這可忙壞了大區的各級領導。濟南軍區的政委正在青島警備區檢查工作,得知要批《雪白血紅》,跑遍全城的書店,怎么也買不到,他急不可待,宣布說,誰轉讓他一本,愿出300元的代價;武漢軍區請示總政,說市面已沒有此書出售,望能批準自己印刷發給部隊;南京軍區報來印數需5萬冊,干部人手一冊,連隊一個班一冊;北京軍區認為這是在擴大放毒,批判最好限于中高級干部中進行……總政不知所從,轉而電傳全軍,通報張正隆的人品,說他當紅衛兵后,在公社毆打數名干部,有致傷致殘的惡行——讓人們知道張正隆是“混進軍隊的壞人”。
 
就在軍委領導制造這一全軍恐怖事件的同時,國外媒體高度關注,紛紛發表報道和評論,無一例外,都為張正隆助陣鳴冤。

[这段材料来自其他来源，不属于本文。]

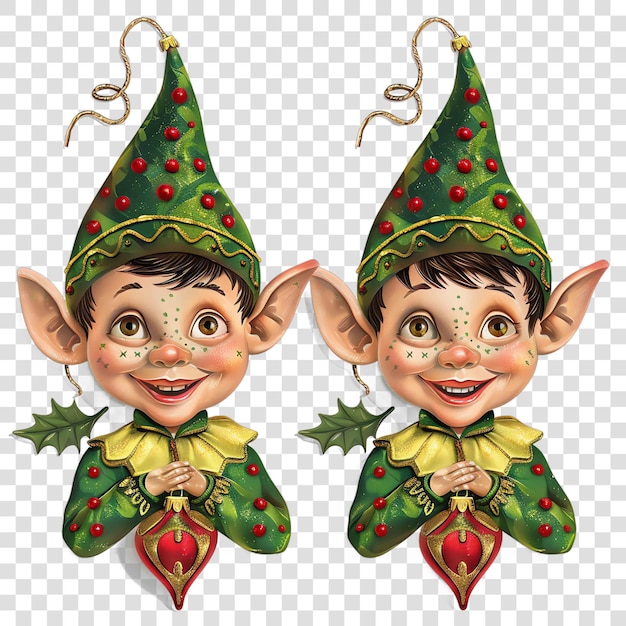 Elf Ornaments świąteczna ilustracja tła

軍委領導們悟到國際輿論的不利,不得不作出改弦更張的決定。總政主任楊白冰在西直門總政招待所召開的政工會議上,借機宣布:“《雪白血紅》一書有嚴重政治錯誤,但我們還是準備解除對作者張正隆、編輯馬成翼的監禁。”楊白冰點著在座的64軍政委說:“我們把張正隆放了,你們64軍不要對他有任何歧視。”這位政委會后憤然對我們說:“安排張正隆寫書,是沈陽軍區決定的,抓張正隆是你們總政下達的命令,放人也是你們說的,我們有什么歧視不歧視的?”

抓人放人都由領導人出示口諭,無需法律程序,馬成翼關了23天,張正隆關了一個月。釋放后,張正隆對他遭受的無情整治沒有怨天尤人,仍保持了刻苦的創作作風,拼盡全力寫羅榮恒、韓先楚等人的傳記。他在政治上“成熟”了,在軍事文學的道路上,懂得繞開雷區前行。